Banks doesn’t explain what an enumerator is, and he furthermore doesn’t mention it anywhere else in the book. He doesn’t need to. This invented word has served its purpose. It has put into your head another world using a delicate balance of suggestion and description. It has done something no illustrator or filmmaker could ever hope to do so well. This isn’t easy. For a lot of writers, attempts at futurewords come across as technobabble. But Banks is judicious. He knows when to leave his technobabble alone and when to develop it. Player of Games, and I presume the rest of the Culture series, has effector fields, tensor fields, modules, minds (with a capital M), hubs, orbitals. None of these is explained. But they all mean something.
Player of Games is full of memorable ideas. Sentient drones whose moods are color-coded. A justice system that includes mazes and portable prisons. Planets being obsolete as places to live. People using genetically engineered glands instead of drugs or alcohol. A video dress that’s exactly what it sounds like. He spends a few fascinating pages explaining the ecology of a fire-based planet, where most other sci-fi would just say lava and leave it at that.
He also has some unique ideas about gender. Player of Games takes place in a world where people routinely change sex. Not like you’d change hats, but maybe like you’d change careers. It’s a big deal, but by no means unheard of. Pretty much everyone has done it at one time in his life.
“There’s something very…I don’t know; primitive, perhaps, about you, Gurgeh. You’ve never changed sex, have you?” He shook his head. “Or slept with a man?” Another shake. “I thought so,” Yay said. “You’re strange, Gurgeh.” She drained her glass.
“Because I don’t find men attractive?”
“Yes; you’re a man!” She laughed.
A couple of lines of dialogue to establish the sexual dynamics of this culture, throwing shade on conventional morality and biological imperatives. Whoever these people are, they aren’t us. But Banks isn’t done. He has a lot more to say on the issue when the book gets to Azad, where there are three sexes.
I think my favorite thing about Player of Games is the payoff. For a while, it seems like the first third of the book was a bunch of wool gathering about the main character. Why didn’t he just get to the story already? It ends up being a sleight of hand. To paraphrase Banks’ own early gameplay description: “He even finessed the finish a little, taking advantage of Tom’s confusion to produce a pretty pattern at the end…”

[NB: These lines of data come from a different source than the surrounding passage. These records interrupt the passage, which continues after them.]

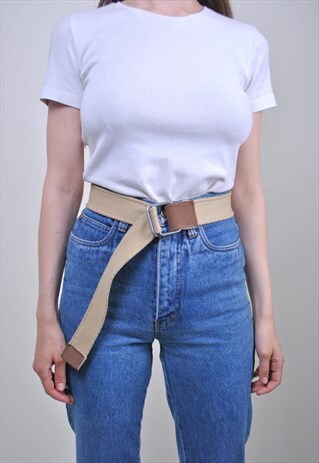 90S BROWN BEIGE COTTON BELT, VINTAGE CASUAL ACCESSORIES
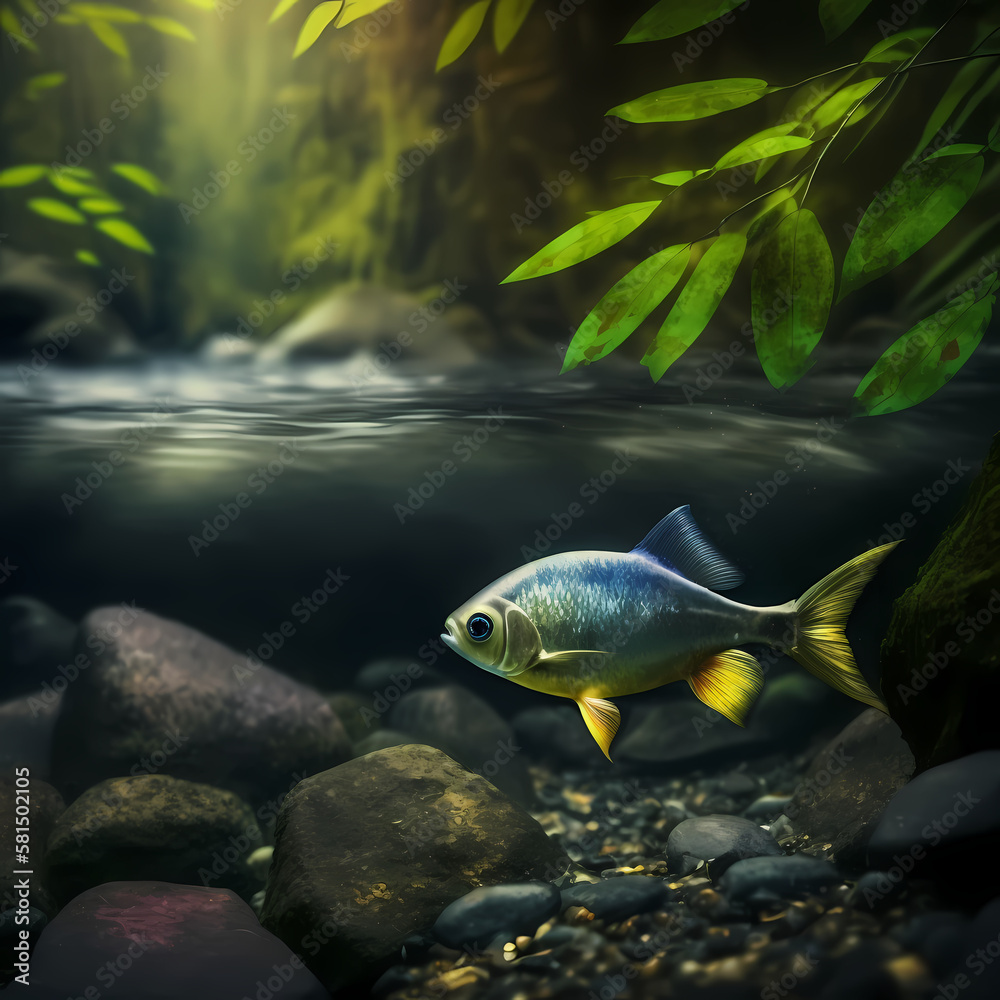 Fototapeta premium Tetra Fish Under Water Rain Forest. Generative AI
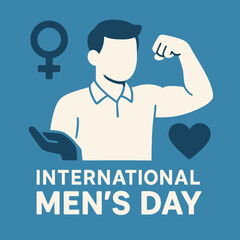 Square International Mens Day Icon Showing Strength Character Wellness Respect And Support Minimal Clean Design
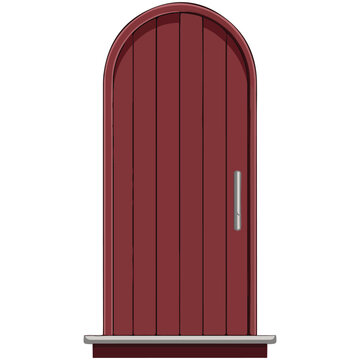 Wooden door icon flat vector
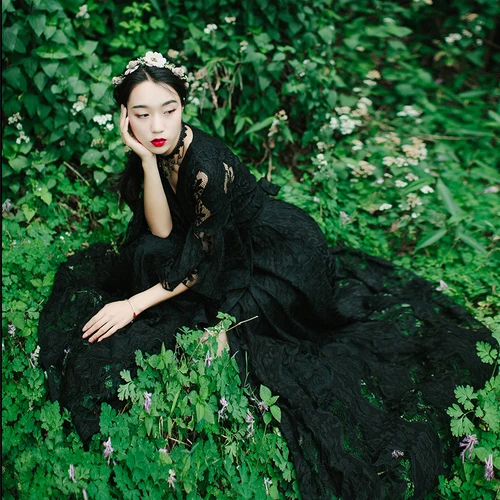 Женское модное платье с расклешенными рукавами кружевное v-образным вырезом и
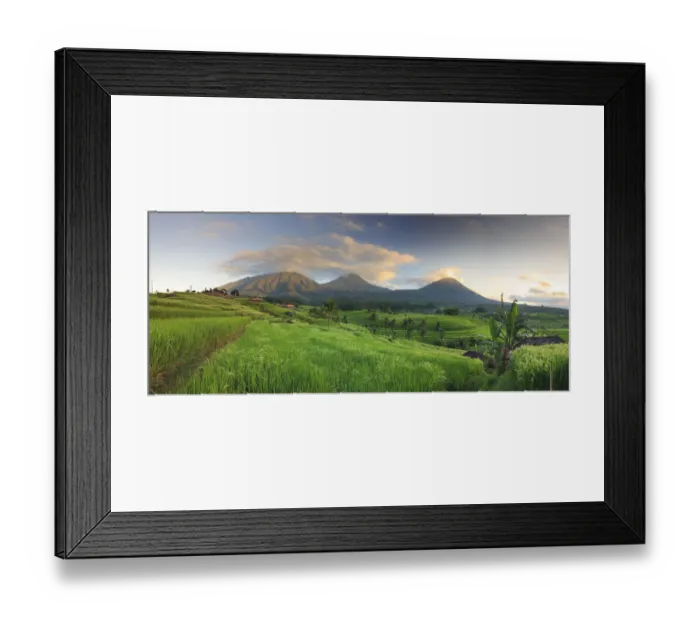 Framed Print : Indonesia, Bali, Rice Fields and Volcanoes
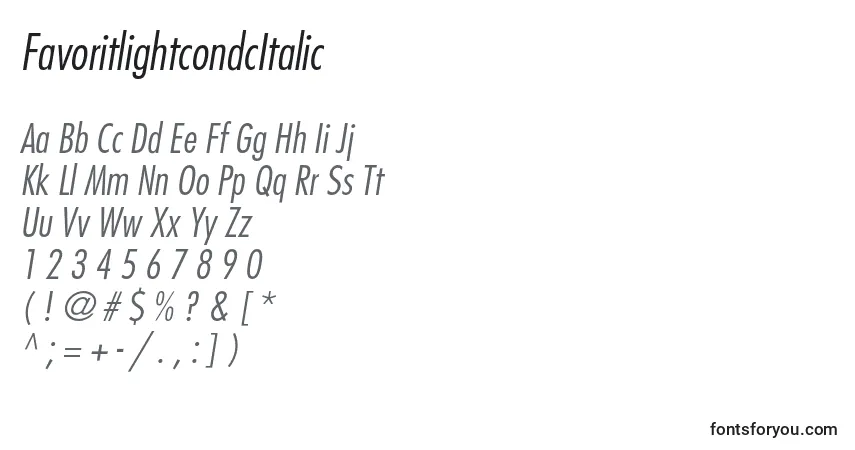 Шрифт FavoritlightcondcItalic – алфавит, цифры, специальные символы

And, really, it doesn’t matter whether Banks had any idea that games would become videogames and that videogames would become what they are. That stuff is just an observation from a guy who’s been closely watching games develop in the span of time from 1988 and 2017. What matters is that Player of Games reveals Banks’ science fiction is well written, relevant, and should be read further.
(Special thanks to Joseph Montgomery for sending me a copy of the book and taping the occasional dollar bill among the pages as an incentive for me to read it!)